FatMouse and Cheese

Problem Description

FatMouse has stored some cheese in a city. The city can be considered as a square grid of dimension n: each grid location is labelled (p,q) where 0 <= p < n and 0 <= q < n. At each grid location Fatmouse has hid between 0 and 100 blocks of cheese in a hole. Now he‘s going to enjoy his favorite food.

FatMouse begins by standing at location (0,0). He eats up the cheese where he stands and then runs either horizontally or vertically to another location.
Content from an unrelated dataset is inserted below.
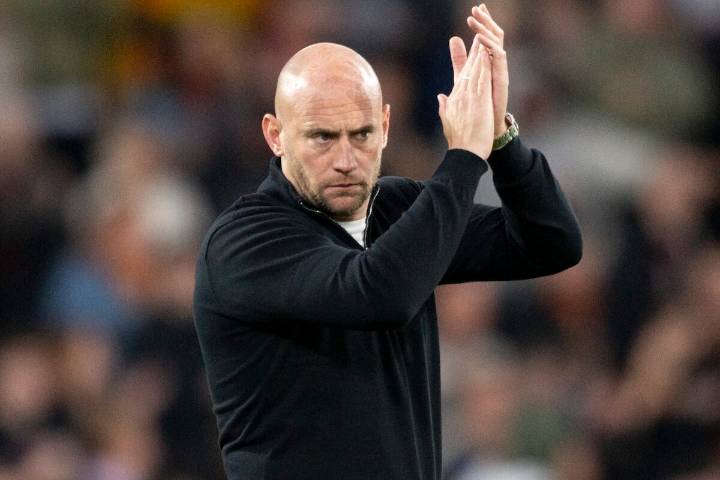 David Gray looking for a reaction from his players tomorrow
The problem is that there is a super Cat named Top Killer sitting near his hole, so each time he can run at most k locations to get into the hole before being caught by Top Killer. What is worse -- after eating up the cheese at one location, FatMouse gets fatter. So in order to gain enough energy for his next run, he has to run to a location which have more blocks of cheese than those that were at the current hole.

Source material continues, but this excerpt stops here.